The budget is intended to pave the way for the recovery of COVID-19.
Walz’s goal is to increase the corporate tax rate of profitable companies from 9.8% to 11.25% from 2021, earning $424 million, which will raise Minnesota to the second highest corporate tax rate in the United States after New Jersey, at 10.5% .
Walz proposes to adopt a fifth-level income tax rate for people with household incomes of more than $1 million or single incomes of $500,000 or more. This will put Minnesota from the fifth highest income tax rate (with annual taxable income exceeding The tax rate of US$164,400 was 9.85%) moved to the third tax rate. -highest.
Jessica Young, policy manager of the Medical Alley Association, believes that the tax increase will undermine the viability of companies that want to expand or relocate to Minnesota.
Young said: "Major changes in corporate and personal taxes have harmed competition."
Approximately 34,400 C agencies in the state submit corporate franchise tax returns each year.
Beth Kadoun of the Minnesota Chamber of Commerce said that lawmakers should follow the "do no harm" principle of COVID-19 recycling.
Cardone said: "We strongly oppose the governor’s tax proposals because they impose a permanent, non-competitive tax increase of nearly $1.9 billion, which will have a great impact on private sector employers, and they will continue to Responding to the impact of the COVID-19 pandemic."

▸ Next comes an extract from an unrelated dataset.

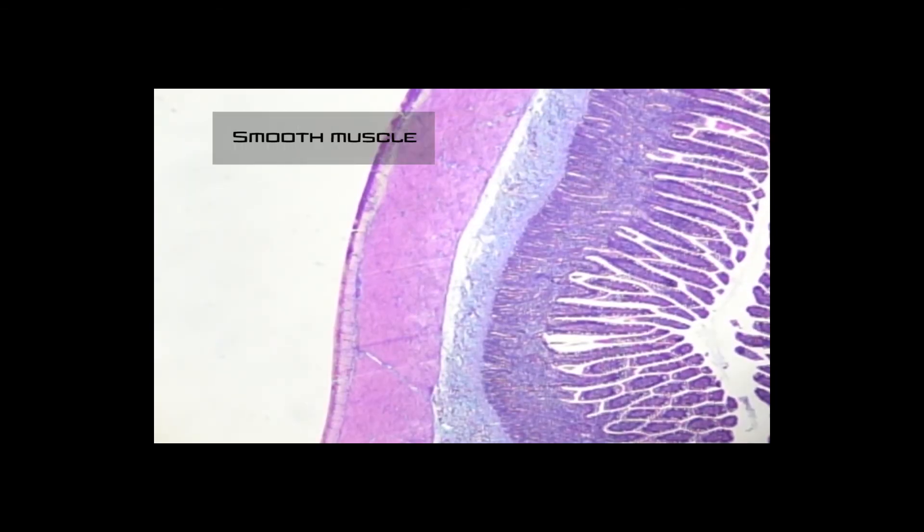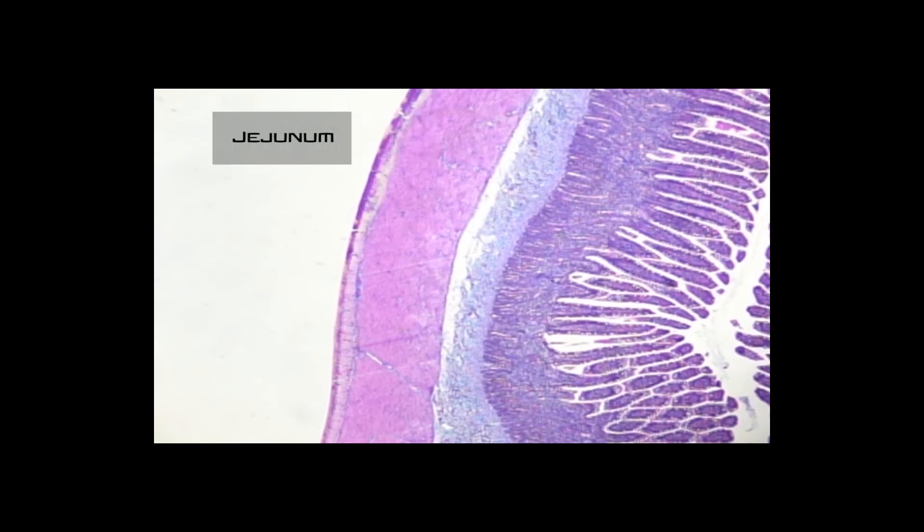So the next slide we're going to look at is smooth muscle. To see smooth muscle, we're going to go back to the jejunum slide. And if you remember, jejunum was our example for simple columnar epithelial tissue. So to find the smooth muscle, we need to go to one of these outer layers out here. And all this smooth muscle is going to help the organ work. So specifically for the jejunum, it's going to help move food down the small intestine.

Kadu En quotes the Fed in 2018
For every 1% increase in the corporate tax rate, the number of employees employed by startups will decrease by 3.7%.
The proposed budget seeks to increase the tax rate on capital gains: for sales profits between US$500,000 and US$1 million, the tax rate is 1.5%; if income exceeds US$1 million, the tax rate is 4%.

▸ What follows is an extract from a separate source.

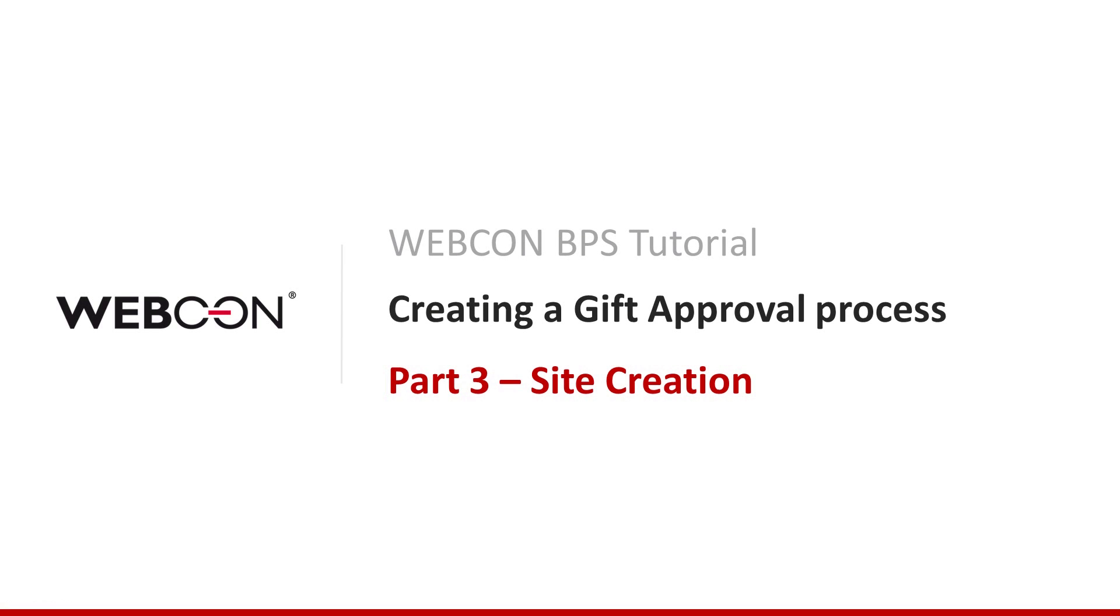Hello and welcome to WebCon BPS Tutorial Part 3. In the previous two videos, we created the first two cornerstones of our gift approval process: the form, which is used for entering values into the database, and the workflow, which defines the business logic behind when and to whom each workflow instance is assigned.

Max Hall, chairman of the 5th session of the AFSCME Council, stated that the tax increase will allow the rich to pay their "due share" and "expand the opportunity to obtain the American Dream."
The plan calls for an increase in cigarette tax from US$3.04 per pack to US$4.04, and a levy of 95% of the wholesale price on 35% of the total retail revenue of nicotine devices and electronic delivery devices.

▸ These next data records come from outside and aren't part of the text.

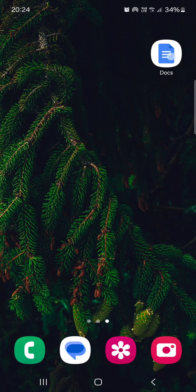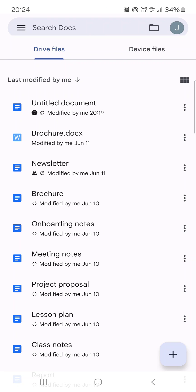First, we have to open up the Google Docs app. Here it opens up in Drive files. From here, we just have to tap on the document that we want to edit.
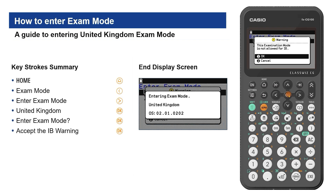A warning now appears regarding use in IB diploma exams. Choose OK again, or scroll and cancel.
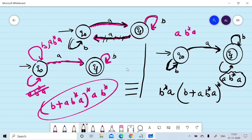You can check whether these regular expressions are equivalent. Two regular expressions are equivalent if they accept the same set of strings. Thanks for watching this session.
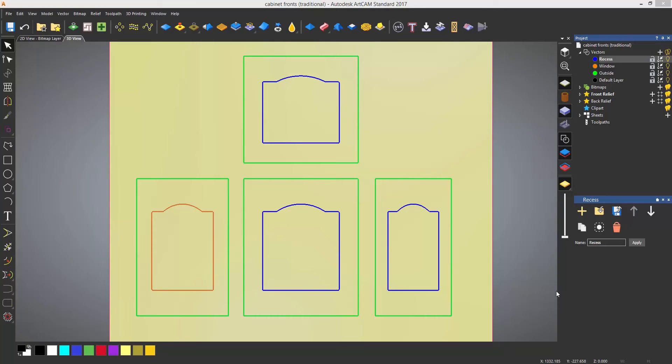Vector layers are extremely useful when you want to have the ability to turn off specific vectors from view or machine to a specific layer.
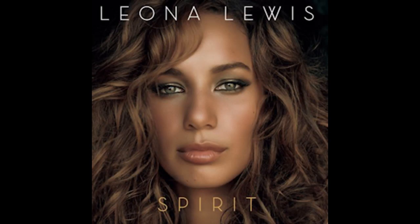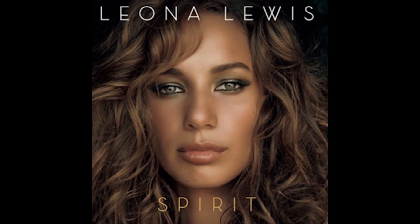Next up guys is Leanna Lewis. This is Bleeding Love. Danger Debs in the Morning on diversity music. That was Bleeding Love by Leanna Lewis.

A $1 per package tax will cause cigarette prices in Minnesota to soar to close to the highest cigarette tax levels in countries below New York and Connecticut.
Dr. Michael Madden, a family doctor with more than 30 years of public health experience, argued that the tax policy will encourage smoking instead of smoking, a study found that the latter is at least related to smoking.
It is more harmful than smoking.
Madden said: "Although the risk is not reduced to zero, reducing the hazard can greatly improve safety and save lives."
Madden said that if promulgated, cigarettes will be nearly 50% cheaper than e-cigarette boxes.
Mont Williams of Altria Consulting said that 35% of the cigarettes consumed in Minnesota are purchased outside the state, and this increased tax will reduce smuggling from places where each pack is reduced by $3.
Williams said that according to the Centers for Disease Control and Prevention, the tax will fall on 15% of the land in Minnesota.
Molly Moilanen of Clearway, Minnesota believes that rising nicotine prices will continue to cause smokers to quit, and urged lawmakers to allocate more than the current 1% of their income to smoking cessation programs.
Martha Njolomole, an economist at the Center for Experimental Conservation in the United States, believes that corporate tax increases may push workers in remote areas to states with lower tax rates.
It shows that the labor burden is 50% to 100% of the company's tax burden, not the company's burden-therefore, this interest rate hike is essentially another income tax hike.
Njolomole said that raising the tax rate does not seem to promote tax growth. For example, although the income tax rate fluctuated between 8.5% in the 1990s and 17% in the 1970s, from 1974 to 2019, Minnesota’s tax revenue still accounted for 6.6% of the state’s GDP.